Nestlé va réduire d’un tiers ses effectifs commerciaux en France. De quoi raviver les tensions sociales alors que le groupe traverse une crise importante. Pizza Buitoni contaminées, traitements interdits dans les eaux en bouteille, forages illégaux… Nestlé a chuté de 20% en Bourse sur les cinq dernières années.

“Les Hommes avant le profit”. Chez Nestlé France, la situation est pour le moins tendue. Les syndicats viennent en effet de publier un communiqué dans lequel ils affirment avoir appris le 23 octobre en Comité de groupe extraordinaire de la réduction de plus de 30% des effectifs commerciaux en France. “On est très inquiets”, confirme auprès de Novethic Christophe Kauffmann, secrétaire fédéral CFDT Agri-Agro.

“Depuis un moment la direction nous avait dit qu’elle envisageait une optimisation des forces de vente. Or là on parle de 148 postes supprimés sur 462 et l’externalisation de la commercialisation de plusieurs marques comme Nesquik ou Maggi. C’est socialement inacceptable”, dénonce Christophe Kauffmann. Contacté par Novethic, Nestlé France confirme que 148 postes sont en effet concernés non pas par un plan social mais un “GEPP”, une gestion des emplois et des parcours professionnels en entreprise avec “des mesures d’accompagnement adaptées sur la base le volontariat” comme l’aménagement de fin de carrière, le repositionnement au sein de la nouvelle entité, d’autres mobilités internes et le congé de mobilité externe.

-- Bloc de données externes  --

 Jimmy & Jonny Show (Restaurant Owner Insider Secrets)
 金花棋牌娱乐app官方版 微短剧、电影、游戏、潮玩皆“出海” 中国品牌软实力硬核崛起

Pizza Buitoni contaminées, forages illégaux…

Ce projet d’évolution du modèle des forces de ventes découle d’une “réflexion approfondie pour faire face à un environnement très concurrentiel et à un secteur de la Grande Distribution en pleine transformation en France”, explique une porte-parole de Nestlé France. Une nouvelle société devrait être créée pour répartir les 314 postes de commerciaux épargnés mais les contours restent très flous. “C’est un projet”, insiste la porte-parole. “On demande aux salariés de se prononcer pendant les fêtes de Noël. Soit ils restent chez Nestlé sans avoir aucune information sur la nouvelle société, ses statuts, la convention collective qui s’applique, les conditions de travail… Soit ils partent mais ils ne savent pas sous quelles conditions”, se désole David Le Doussal, délégué syndical FO. En 10 ans, le nombre de salariés serait passé de 14 000 à 8 700. Des chiffres ni confirmés ni contestés par le groupe.

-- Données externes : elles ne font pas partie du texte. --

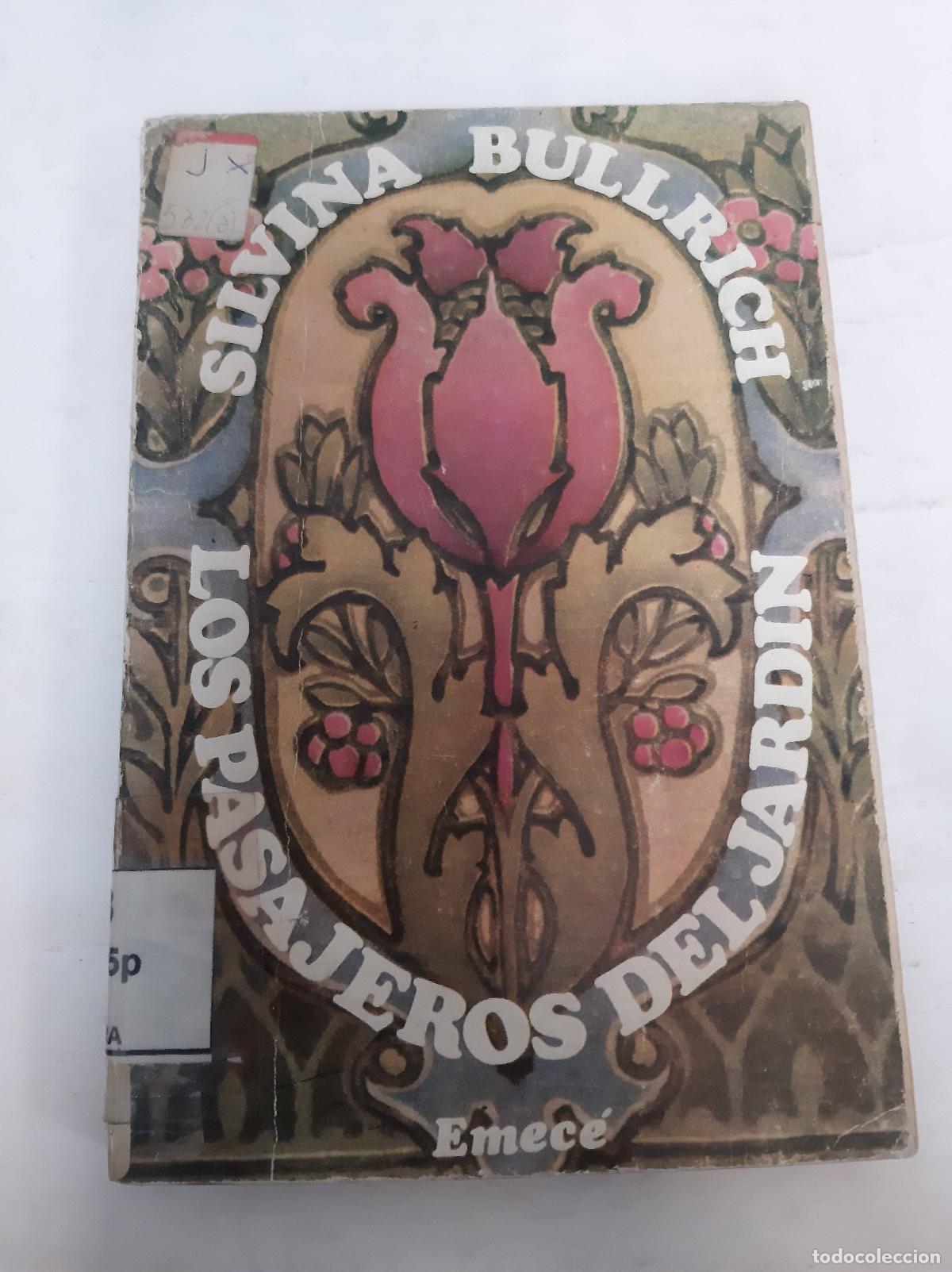 books: Los Pasajeros Del Jardin - Silvina Bullrich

Ces tensions sociales interviennent dans un contexte particulièrement compliqué pour Nestlé. Le groupe agroalimentaire est englué depuis des mois, voire des années, dans des scandales sanitaires et écologiques. Il y a notamment eu les intoxications des pizzas Buitoni contaminées à la bactérie E. Coli qui auraient provoqué la mort de deux enfants. Les forages illégaux qui auraient permis à l’entreprise de capter près de 19 milliards de litres d’eau dans neuf forages en France au profit des marques Contrex et Vittel, ou encore le traitement d’eaux en bouteille alors que cette pratique est interdite sans avertissement préalable des consommateurs.

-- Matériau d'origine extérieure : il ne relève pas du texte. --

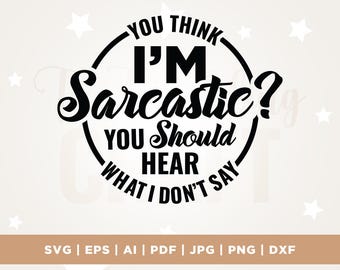Sarcastic Quote SVG, Funny Cricut Cut File (Digital Download)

Un “risque éthique sous-estimé”

Des “affaires” qui ont mené Nestlé à débarquer son directeur général, Mark Schneider, à la fin du mois d’août pour le remplacer par le Français Laurent Freixe, auparavant directeur général de la zone Amérique. Si le communiqué, laconique, de changement de gouvernance ne fait aucune mention de la série de scandale, les actionnaires en ont bien eu connaissance. Et pour cause, en 5 ans le groupe a perdu 20% en Bourse.

Dans une tribune au Monde, Caroline Aubry, chercheuse en science de gestion appelle Nestlé à se pencher sur le “risque éthique, actuellement trop fréquent et coûteux pour l’entreprise”. “Ces affaires devraient conduire Nestlé à s’intéresser à sa gestion des risques, pour amener à se poser la question du risque éthique, sous-estimé, voire négligé”, écrit la chercheuse. “L’arrivée d’un nouveau patron doit être une occasion de faire évoluer cette gestion vers une fonction de type managérial (risk manager), dont le rôle, doté d’une autorité forte, serait de centraliser des informations au service de la direction générale“. Deux mois après sa nomination, les salariés ne sont pas encore convaincus.